[Entries taken from a collection]

■ ■ ■

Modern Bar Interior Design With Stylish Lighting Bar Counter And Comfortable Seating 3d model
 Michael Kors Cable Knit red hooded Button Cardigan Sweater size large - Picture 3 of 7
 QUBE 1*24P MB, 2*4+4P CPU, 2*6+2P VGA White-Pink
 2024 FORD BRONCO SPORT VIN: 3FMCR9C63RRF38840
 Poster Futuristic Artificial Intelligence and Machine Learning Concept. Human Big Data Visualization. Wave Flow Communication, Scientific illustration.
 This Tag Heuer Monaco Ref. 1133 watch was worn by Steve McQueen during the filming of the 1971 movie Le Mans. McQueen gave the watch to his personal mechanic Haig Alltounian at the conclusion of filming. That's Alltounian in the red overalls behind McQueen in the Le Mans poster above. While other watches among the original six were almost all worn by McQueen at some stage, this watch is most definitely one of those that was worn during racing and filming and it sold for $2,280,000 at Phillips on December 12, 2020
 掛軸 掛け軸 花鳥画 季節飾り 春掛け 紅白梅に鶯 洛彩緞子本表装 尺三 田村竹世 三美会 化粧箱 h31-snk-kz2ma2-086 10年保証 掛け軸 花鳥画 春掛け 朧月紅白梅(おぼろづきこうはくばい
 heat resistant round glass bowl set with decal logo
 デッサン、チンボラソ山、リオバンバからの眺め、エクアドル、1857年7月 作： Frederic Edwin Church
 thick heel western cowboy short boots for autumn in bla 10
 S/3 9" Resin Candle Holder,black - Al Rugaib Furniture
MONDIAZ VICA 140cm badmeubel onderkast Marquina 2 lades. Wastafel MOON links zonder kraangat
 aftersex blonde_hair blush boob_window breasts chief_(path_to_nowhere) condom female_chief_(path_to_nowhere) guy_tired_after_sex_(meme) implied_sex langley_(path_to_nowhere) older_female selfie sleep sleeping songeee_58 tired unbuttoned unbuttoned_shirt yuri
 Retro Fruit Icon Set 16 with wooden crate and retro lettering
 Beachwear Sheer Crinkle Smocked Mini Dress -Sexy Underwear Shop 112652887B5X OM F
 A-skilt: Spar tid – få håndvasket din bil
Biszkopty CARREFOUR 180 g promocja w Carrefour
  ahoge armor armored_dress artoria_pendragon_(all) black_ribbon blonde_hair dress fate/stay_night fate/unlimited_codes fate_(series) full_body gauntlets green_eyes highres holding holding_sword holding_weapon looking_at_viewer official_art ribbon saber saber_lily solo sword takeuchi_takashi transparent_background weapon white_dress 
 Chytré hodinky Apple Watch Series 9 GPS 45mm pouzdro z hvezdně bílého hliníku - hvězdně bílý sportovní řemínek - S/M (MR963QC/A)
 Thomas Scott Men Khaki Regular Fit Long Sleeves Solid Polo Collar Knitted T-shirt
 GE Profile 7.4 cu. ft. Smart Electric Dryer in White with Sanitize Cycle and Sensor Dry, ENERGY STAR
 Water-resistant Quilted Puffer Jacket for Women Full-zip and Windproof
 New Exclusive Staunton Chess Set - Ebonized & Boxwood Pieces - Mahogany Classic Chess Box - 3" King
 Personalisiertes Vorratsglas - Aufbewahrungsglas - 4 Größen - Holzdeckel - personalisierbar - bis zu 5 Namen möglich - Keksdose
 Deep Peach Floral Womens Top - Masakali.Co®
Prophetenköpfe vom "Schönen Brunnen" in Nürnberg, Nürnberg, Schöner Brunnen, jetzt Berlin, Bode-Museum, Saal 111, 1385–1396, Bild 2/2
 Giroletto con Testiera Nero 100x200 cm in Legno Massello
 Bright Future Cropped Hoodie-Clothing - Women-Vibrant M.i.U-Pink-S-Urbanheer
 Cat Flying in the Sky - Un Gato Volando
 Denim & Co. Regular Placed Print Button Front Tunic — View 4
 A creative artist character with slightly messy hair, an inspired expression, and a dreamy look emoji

■ ■ ■

Could you retype exactly the lines above, starting at the line that contains "thick heel western" and ending at the line that contains "ahoge armor armored_dress", and nothing more?

 thick heel western cowboy short boots for autumn in bla 10
 S/3 9" Resin Candle Holder,black - Al Rugaib Furniture
MONDIAZ VICA 140cm badmeubel onderkast Marquina 2 lades. Wastafel MOON links zonder kraangat
 aftersex blonde_hair blush boob_window breasts chief_(path_to_nowhere) condom female_chief_(path_to_nowhere) guy_tired_after_sex_(meme) implied_sex langley_(path_to_nowhere) older_female selfie sleep sleeping songeee_58 tired unbuttoned unbuttoned_shirt yuri
 Retro Fruit Icon Set 16 with wooden crate and retro lettering
 Beachwear Sheer Crinkle Smocked Mini Dress -Sexy Underwear Shop 112652887B5X OM F
 A-skilt: Spar tid – få håndvasket din bil
Biszkopty CARREFOUR 180 g promocja w Carrefour
  ahoge armor armored_dress artoria_pendragon_(all) black_ribbon blonde_hair dress fate/stay_night fate/unlimited_codes fate_(series) full_body gauntlets green_eyes highres holding holding_sword holding_weapon looking_at_viewer official_art ribbon saber saber_lily solo sword takeuchi_takashi transparent_background weapon white_dress 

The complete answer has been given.